Problem details. Restate exactly, and only, the lines from the one with "Ring RSC908T SMARTCHARGE" through the end of the data, with both of those end lines kept. Drop any pictures.

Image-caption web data
________________

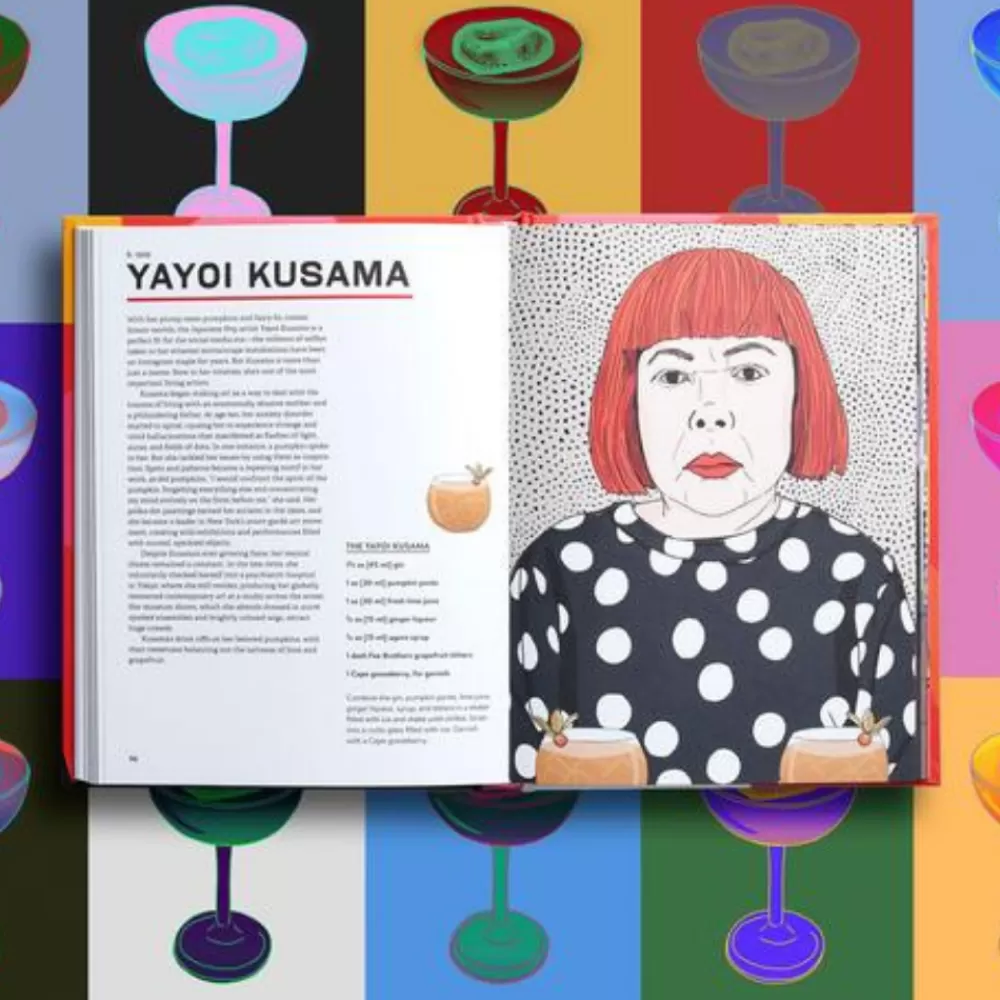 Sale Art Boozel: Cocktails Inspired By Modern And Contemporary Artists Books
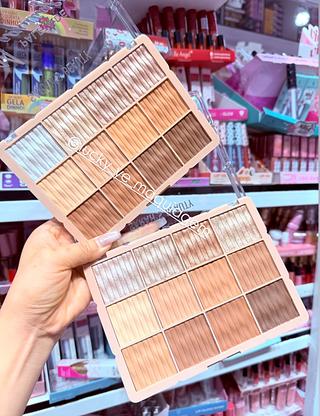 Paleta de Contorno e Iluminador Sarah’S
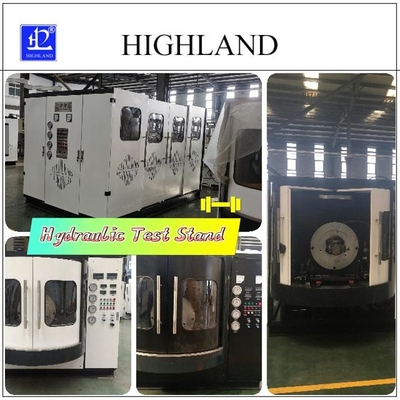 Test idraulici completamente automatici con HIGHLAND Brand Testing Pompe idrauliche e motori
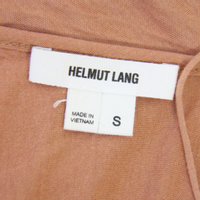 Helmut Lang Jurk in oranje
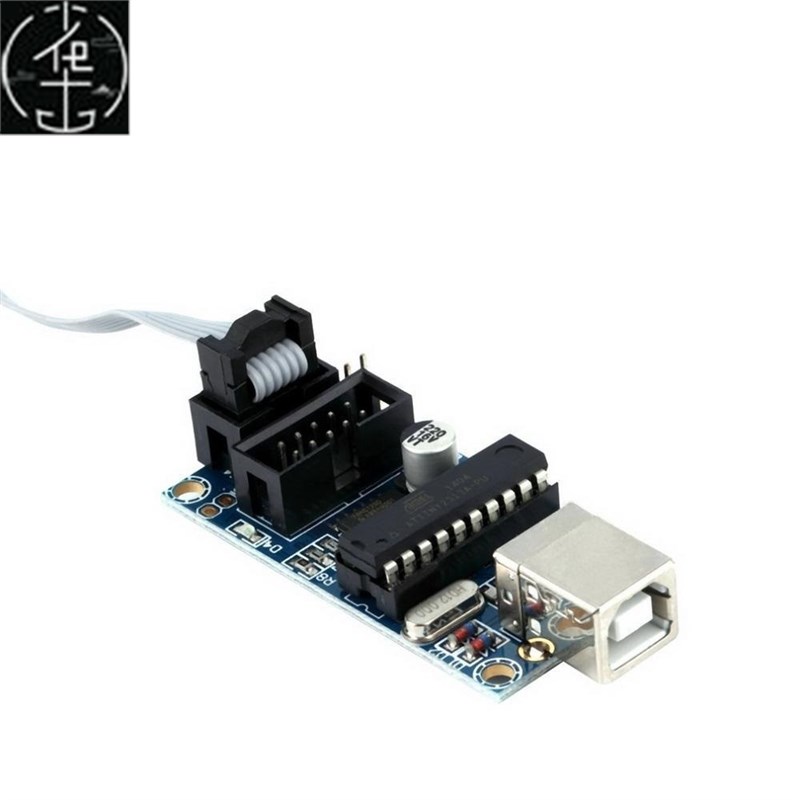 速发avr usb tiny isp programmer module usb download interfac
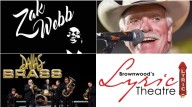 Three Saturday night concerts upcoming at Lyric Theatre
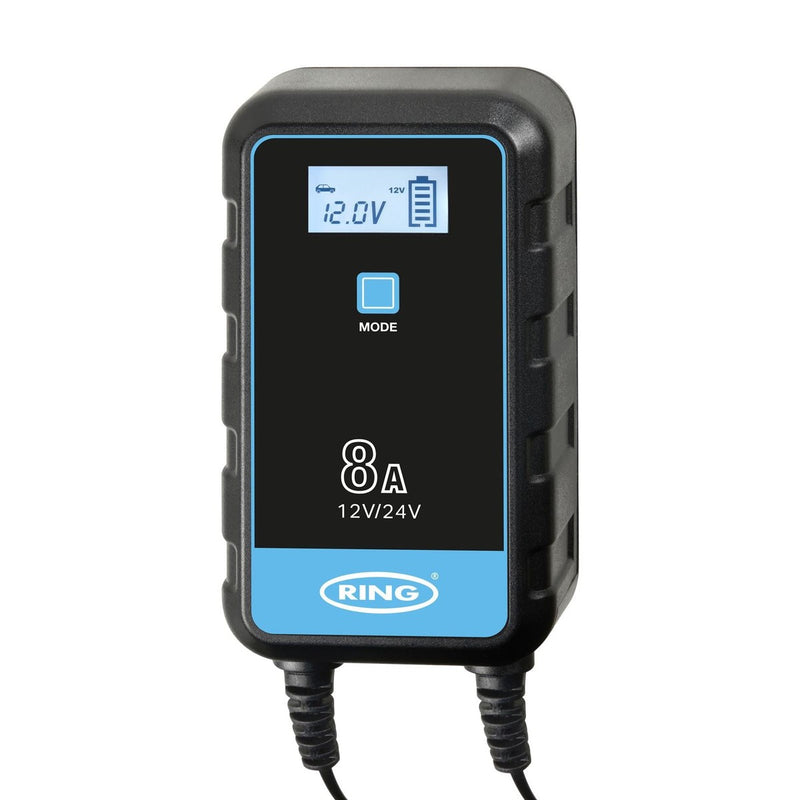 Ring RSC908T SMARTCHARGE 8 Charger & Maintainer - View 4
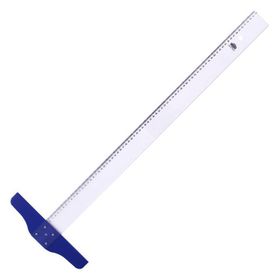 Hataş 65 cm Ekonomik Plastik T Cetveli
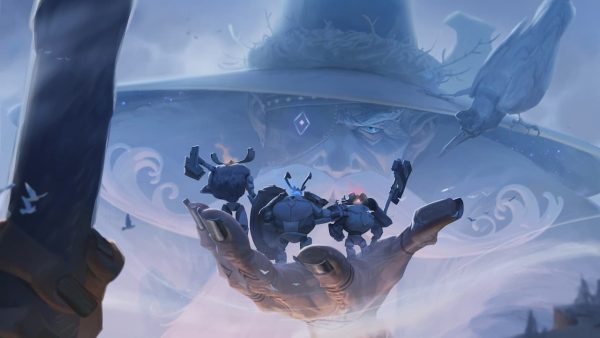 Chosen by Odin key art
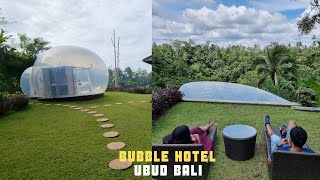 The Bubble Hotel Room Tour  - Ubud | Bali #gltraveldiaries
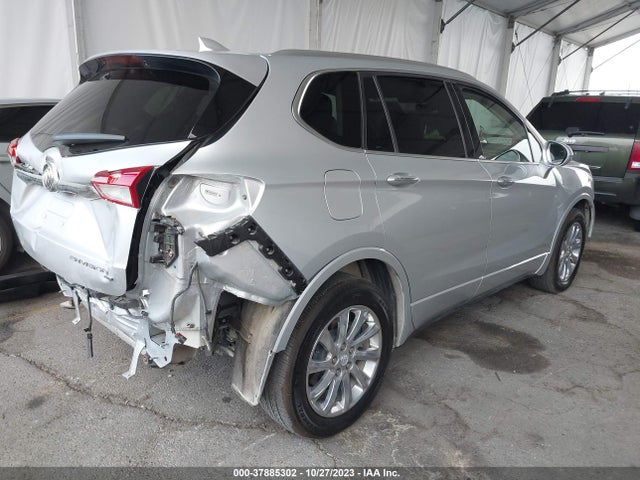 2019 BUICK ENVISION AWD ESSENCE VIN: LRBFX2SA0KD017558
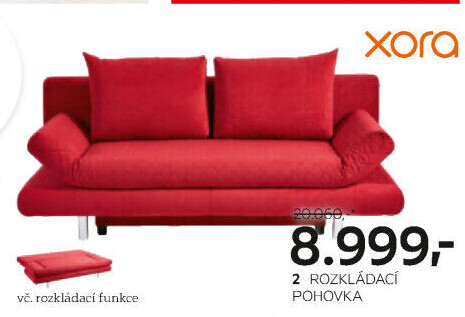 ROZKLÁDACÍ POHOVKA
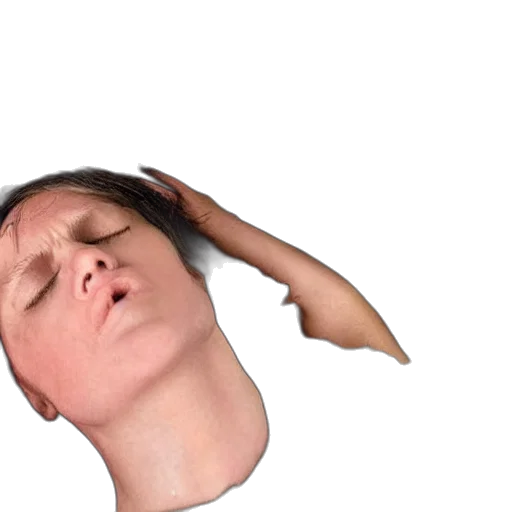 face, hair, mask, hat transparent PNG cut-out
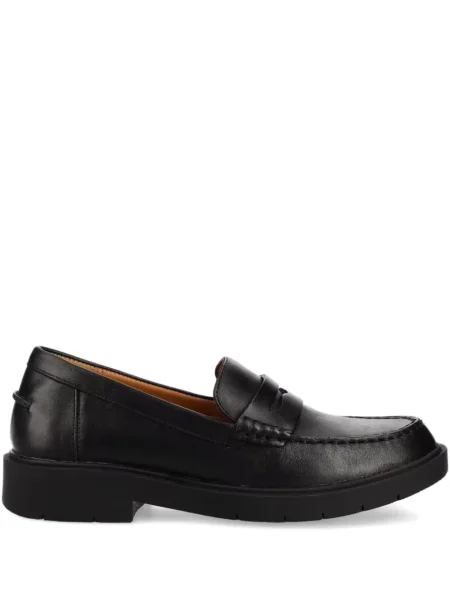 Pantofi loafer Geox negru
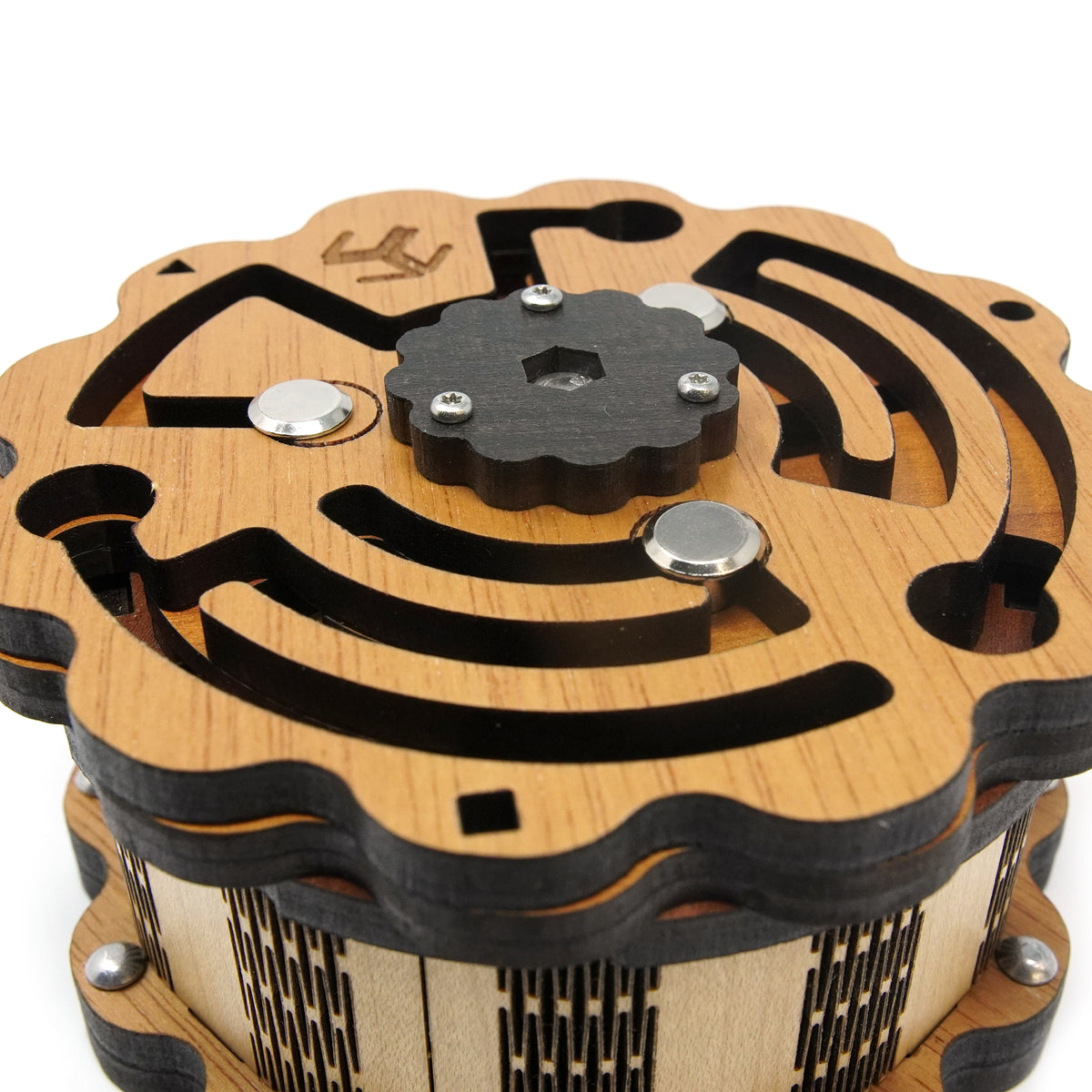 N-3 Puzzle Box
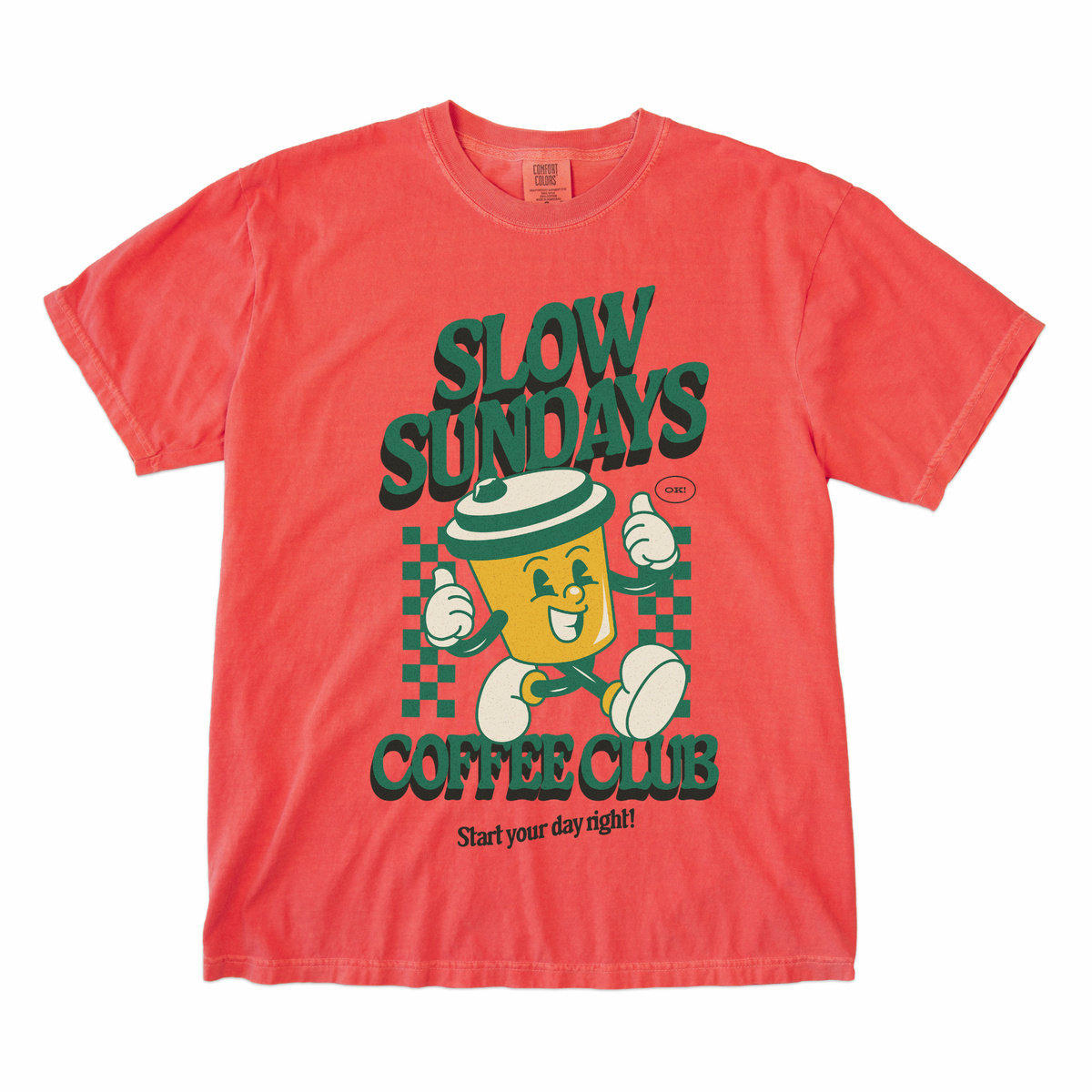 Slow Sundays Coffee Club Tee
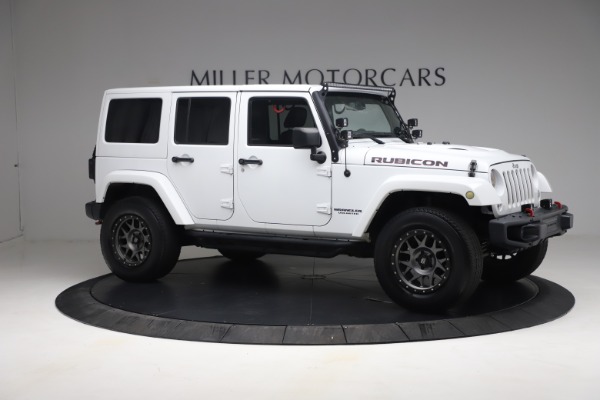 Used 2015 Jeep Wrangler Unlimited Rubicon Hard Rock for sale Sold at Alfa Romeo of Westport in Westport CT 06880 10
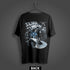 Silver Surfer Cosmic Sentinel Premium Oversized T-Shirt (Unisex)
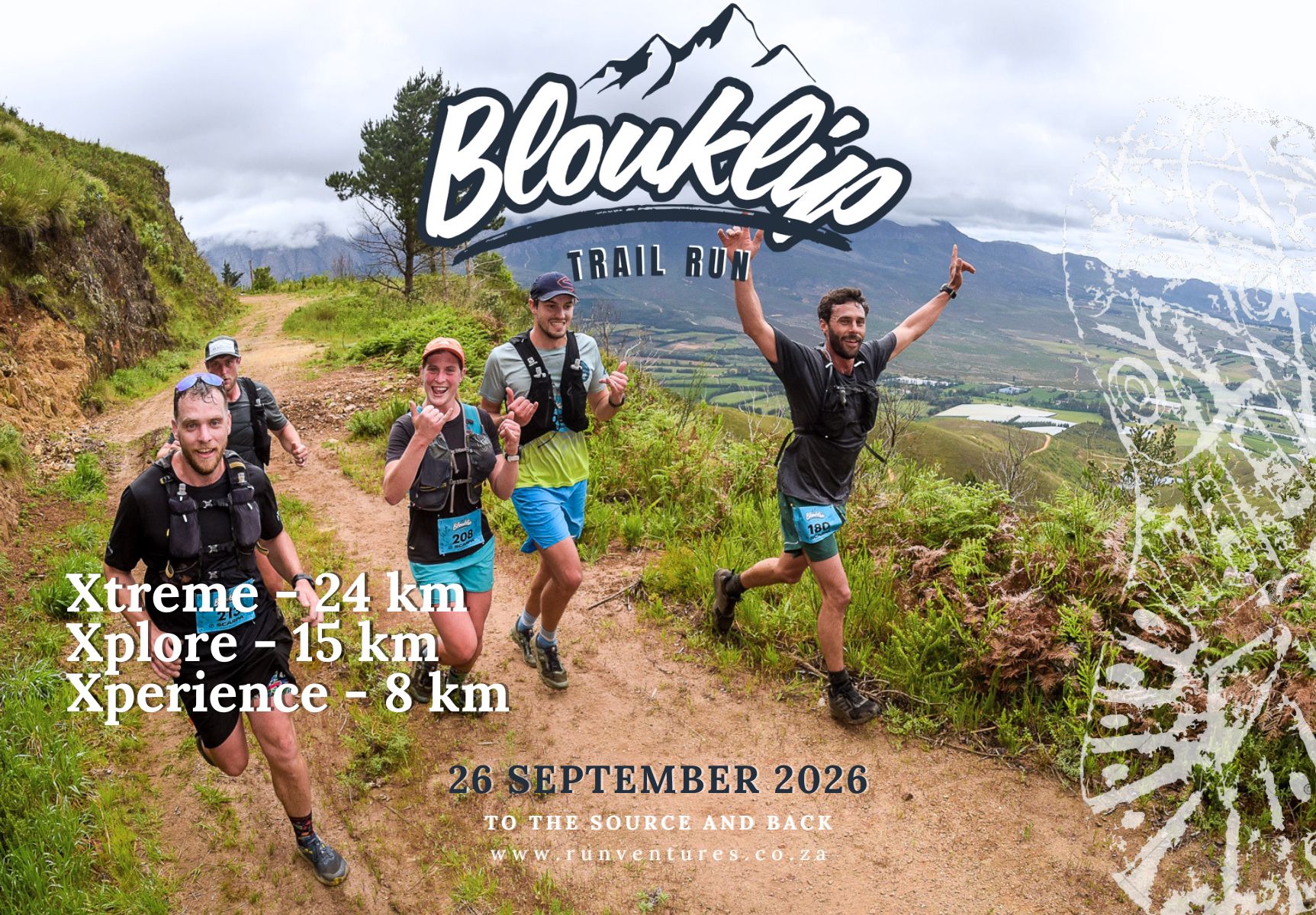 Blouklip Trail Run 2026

________________

Result of the exercise.
 Ring RSC908T SMARTCHARGE 8 Charger & Maintainer - View 4
 Hataş 65 cm Ekonomik Plastik T Cetveli
 Chosen by Odin key art
 The Bubble Hotel Room Tour  - Ubud | Bali #gltraveldiaries
 2019 BUICK ENVISION AWD ESSENCE VIN: LRBFX2SA0KD017558
 ROZKLÁDACÍ POHOVKA
 face, hair, mask, hat transparent PNG cut-out
 Pantofi loafer Geox negru
 N-3 Puzzle Box
 Slow Sundays Coffee Club Tee
 Used 2015 Jeep Wrangler Unlimited Rubicon Hard Rock for sale Sold at Alfa Romeo of Westport in Westport CT 06880 10
 Silver Surfer Cosmic Sentinel Premium Oversized T-Shirt (Unisex)
 Blouklip Trail Run 2026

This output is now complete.